In particular, the doc of e.g. ListenableFutureTask specifies: "There is no guaranteed ordering of execution of listeners, but any listener added through this method is guaranteed to be called once the computation is complete." So successfulAsList (which operates by adding a callback to the future) might return _before_ the entry is put into the map. I'm not sure there's a better way to do this than just the straightforward sequential way.

Tembrel said...

Yeah, now I see the race: The sync state can change to COMPLETED before the callbacks on the ExecutionList fire. *sigh*

But I can go back to using the same AtomicInteger/CountDownLatch technique that I used in ConcurrentCacheLoader over the weekend. The map.put(key, result) happens-before the counter decrement and potential latch opening, and the latch opening happens-before the map is returned. I won't have to build the map after the computation is done, and by avoiding successfulAsList, I won't be building an unused List.

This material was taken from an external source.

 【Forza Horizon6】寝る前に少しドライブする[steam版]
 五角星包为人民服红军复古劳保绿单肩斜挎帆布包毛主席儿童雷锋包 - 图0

I'm sure there are fancy lock-free ways to do distributed countdown, but I bet this is fine for most purposes.

I still have to copy the whole map if I catch TimeoutException in the timed version, but that's a hit I'm happy to take.

Ashwin Jayaprakash said...

This fragment looks so scary, it almost makes no sense. Why does the builder method keep creating new instances..doesn't it make the docs more confusing. Just my 2 cents.

.build(fromAsyncFunction(
HazelcastAsyncFunction
.from(new AccountInfoLookupFunction())
.onExecutor(hazelcast().getExecutorService())
.withTaskKeyFunction(new Function() {
public Object apply(String account) {
return accountToServer(account).or(account);
}
}),...


Coherence has a cleaner (more verbose) way of doing this - http://coherence.oracle.com/display/COH35UG/Pre-Loading+the+Cache or http://cohfu.wordpress.com/2010/01/06/bulk-loading-a-coherence-cache-from-an-oracle-database/

Tembrel said...

I unpacked the code a bit to make it less scary. But in any event it doesn't "keep creating new instances"; that's one-time code to build the cache. Once built, the only thing you need to do is say "cache.get(key)".

The docs aren't particularly confusing, because there are only two new things, the fromAsyncFunction method and the HazelcastAsyncFunction class. The latter turns a regular function into an asynchronous function, and the former turns an asynchronous function into a CacheLoader.

The Coherence examples you cite look (after a very brief skim) similar in nature to what is going on under the covers in my example. Not sure in what way they are cleaner, but they are indeed more verbose.